4 What will an FTA mean for New Zealand manufacturers?
In terms of manufactured goods, the picture is less clear. However, there may be some gains to be made by manufacturers operating in niche sectors.
- New Zealand dishwasher products face tariffs ranging from 10 to 14 percent.
- Fridge-freezer units incur tariffs duties between 9 and 30 percent.
- Air-conditioner units attract tariff rates of up to 20 percent.
- Carpets incur tariffs of up to 14 percent.
With a reduction of tariffs through an FTA negotiation and consequent improved price competitiveness, there is the potential for a modest expansion of opportunities for New Zealand exporters.
There have been adjustments in the domestic textile, clothing and footwear sectors for several years, and will continue to be following implementation of New Zealand's tariff regime post 2005. The way in which an FTA with China relates to that process will be looked at in the feasibility study and views of industry will be sought in the associated consultation process. Some transitional measures may be needed to smooth any adjustment process.
5 What will it mean for other issues in New Zealand's relationship with China?
This negotiation will not affect the dialogue we already have on other issues, including sensitive ones.
6 Why did New Zealand decide to agree that China has a market economy system?
This question has a very particular meaning because of the way in which China has been treated in the WTO by some countries.

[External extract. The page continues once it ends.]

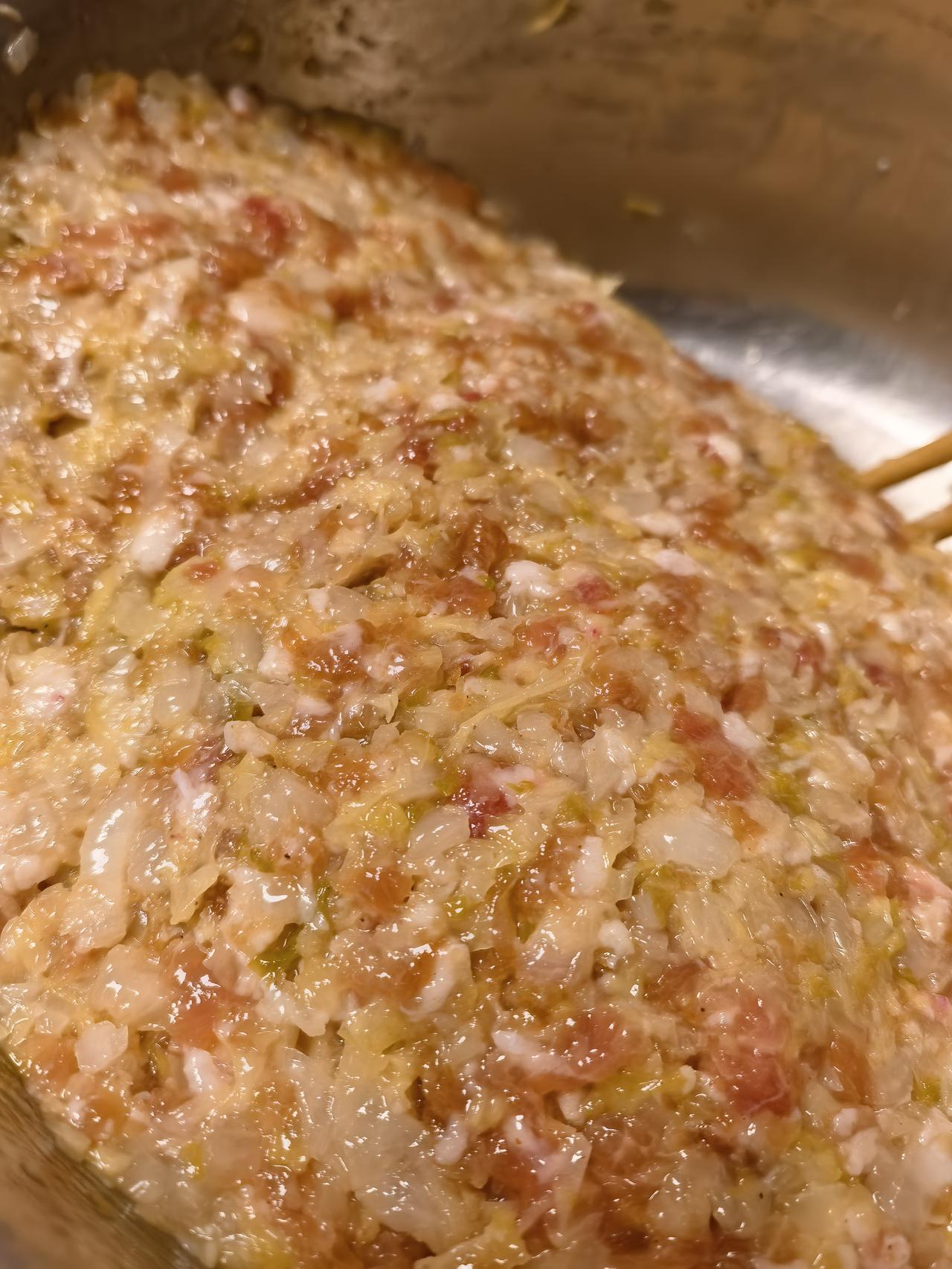 酸菜猪肉馅大包子走起。色香味俱全。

When China joined the WTO some countries retained the right to discriminate against China on the grounds that it was a "non-market economy". This was the justification for having special and discriminatory anti-dumping and safeguard rules against China.
China has never been happy about being singled out in this way It has said that it will only negotiate an FTA with partners that are prepared to acknowledge that it has established a "market economy system" and to agree not to use the discriminatory provisions. This is why China attaches such importance to securing acknowledgement of its market economy system before FTA negotiations can begin.
Unlike other countries, New Zealand does not have a problem in meeting China's request. Our Dumping, Countervailing and Safeguard Investigations legislation is applied to all WTO members on an equal basis. It does not discriminate against China based on the concept that it is a "non-market economy." In short, acknowledgement that China has established a "market economy system" involves no change to our present policy and no reduction in protections for the New Zealand domestic economy.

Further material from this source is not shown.